Harry Bateman wrote two significant articles on the history of applied mathematics: "The influence of tidal theory upon the development of mathematics", and "Hamilton's work in dynamics and its influence on modern thought".

In his Mathematical Analysis of Electrical and Optical Wave-motion (p. 131), he describes the charged-corpuscle trajectory as follows:

a corpuscle has a kind of tube or thread attached to it. When the motion of the corpuscle changes a wave or kink runs along the thread; the energy radiated from the corpuscle spreads out in all directions but is concentrated round the thread so that the thread acts as a guiding wire.

This figure of speech is not to be confused with a string in physics, for the universes in string theory have dimensions inflated beyond four, something not found in Bateman's work. Bateman went on to study the luminiferous aether with an article "The structure of the Aether". His starting point is the bivector form of an electromagnetic field, $\mathbf{E} + i \mathbf{B}$. He recalled Alfred-Marie Liénard's electromagnetic fields, and then distinguished another type he calls "aethereal fields":

When a large number of "aethereal fields" are superposed their singular curves indicate the structure of an "aether" which is capable of supporting a certain type of electromagnetic field.

Bateman received many honours for his contributions, including election to the American Philosophical Society in 1924, election to the Royal Society of London in 1928, and election to the National Academy of Sciences in 1930. He was elected as vice-president of the American Mathematical Society in 1935 and was the Society's Gibbs Lecturer for 1943. He was on his way to New York to receive an award from the Institute of Aeronautical Science when he died of coronary thrombosis.

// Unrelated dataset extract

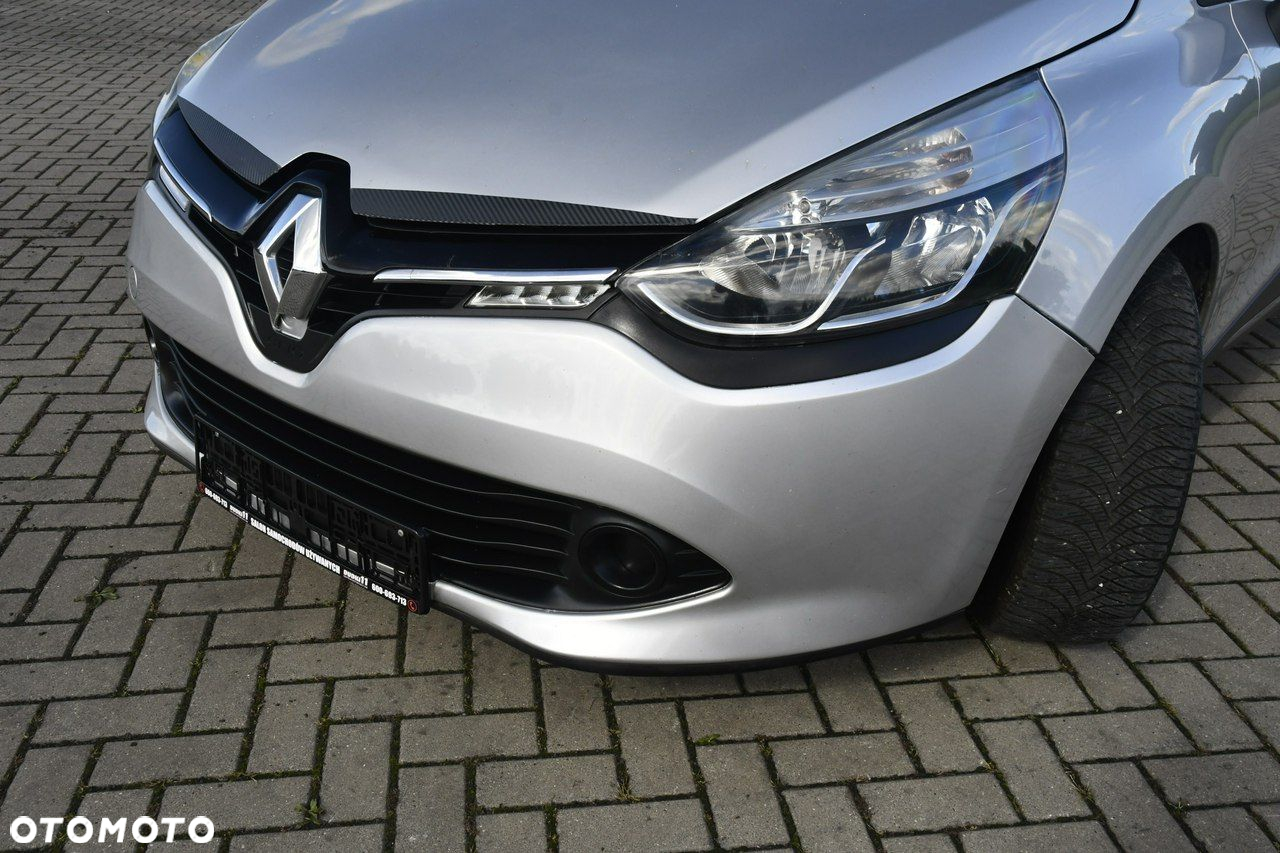 Renault Clio - 6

The Harry Bateman Research Instructorships at the California Institute of Technology is named in his honour.

After his death, his notes on higher transcendental functions, largely on index cards in shoe boxes found under his bed (according to his colleague Victor Elconin), were edited by Arthur Erdélyi, Wilhelm Magnus, Fritz Oberhettinger, and Francesco G. Tricomi, and published in 1953. The volumes are colloquially known as The Bateman Manuscript.

==Publications==
In a review of Bateman's book Partial Differential Equations of Mathematical Physics, Richard Courant says that "there is no other work which presents the analytical tools and the results achieved by means of them equally completely and with as many original contributions" and also "advanced students and research workers alike will read it with great benefit".

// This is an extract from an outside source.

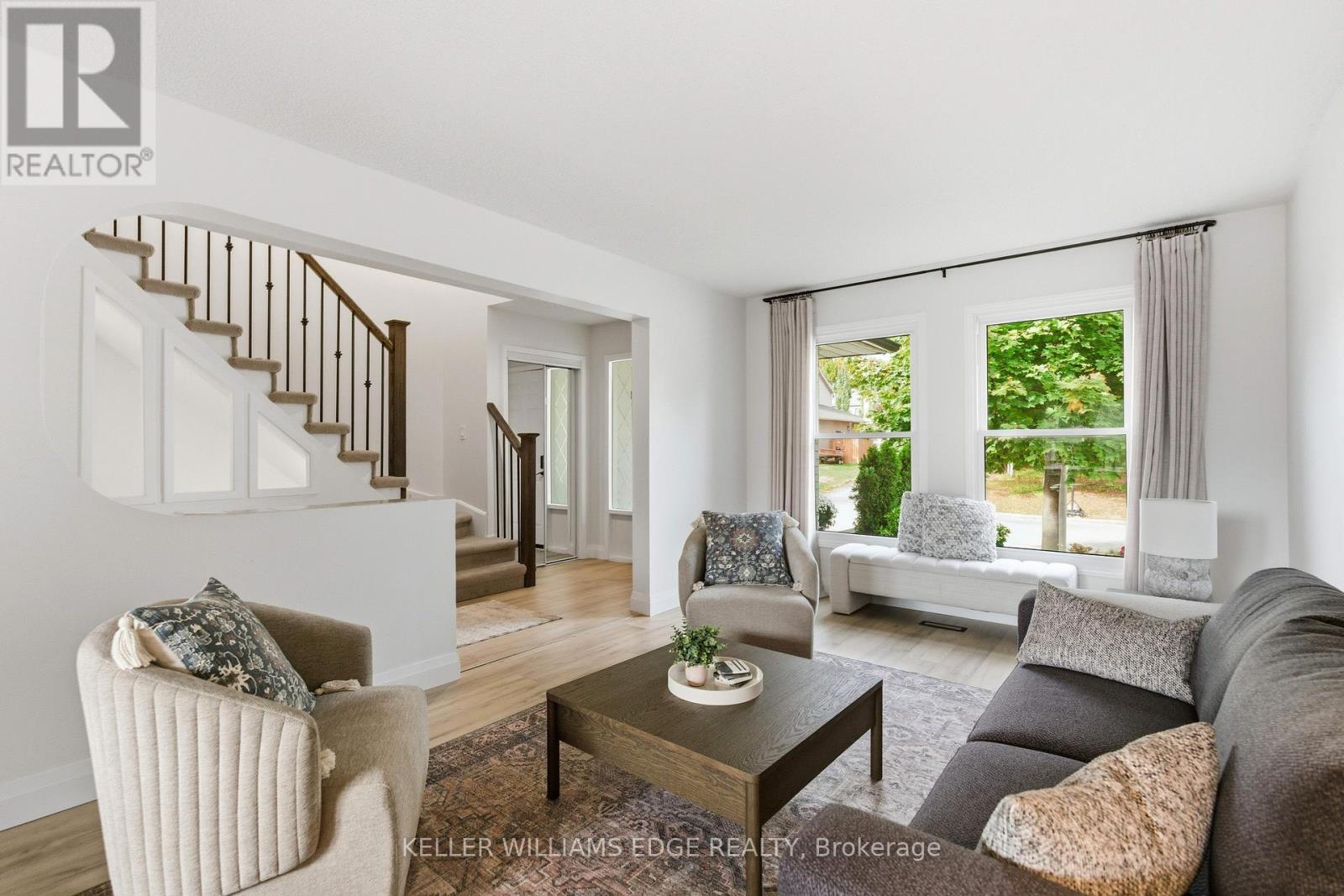 2 Giffin Road, Hamilton, Ontario  L9H 6S1 - Photo 9 - X12466422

- 1908: The Conformal Transformations of a Space of Four Dimensions and their Applications to Geometrical Optics, Proceedings of the London Mathematical Society 7: 70–89.
- 1910: History and Present State of the Theory of Integral Equations, Report of the British Association.
- 1914: (dissertation) The Quartic Curve and its Inscribed Configurations, American Journal of Mathematics 36(4).
- 1915: The Mathematical Analysis of Electrical and Optical Wave-motion on the Basis of Maxwell's Equations, Cambridge University Press.
- 1918: Differential equations, Longmans, Green, London, Reprint Chelsea 1966.
- 1932: Partial Differential Equations of Mathematical Physics, Cambridge University Press 1932, Dover 1944, 1959.
- 1933: (with Albert A. Bennett, William E. Milne) Numerical Integration of Differential Equations, Bulletin of the National Research Council, Dover 1956.
- 1932: (with Hugh Dryden, Francis Murnaghan) Report of the Committee on Hydrodynamics, Bulletin of the National Research Council, Washington D.C.
- 1945: The Control of an Elastic Fluid, Bulletin of the American Mathematical Society 51(9):601–646 via Project Euclid, also found in Selected Papers on Mathematical Trends in Control Theory (Richard Bellman & Robert Kalaba editors).
- Bateman Manuscript Project: Higher Transcendental Functions, 3 vols., McGraw Hill 1953/1955, Krieger 1981.
- Bateman Manuscript Project: Tables of Integral Transforms, 2 vols., McGraw Hill 1954.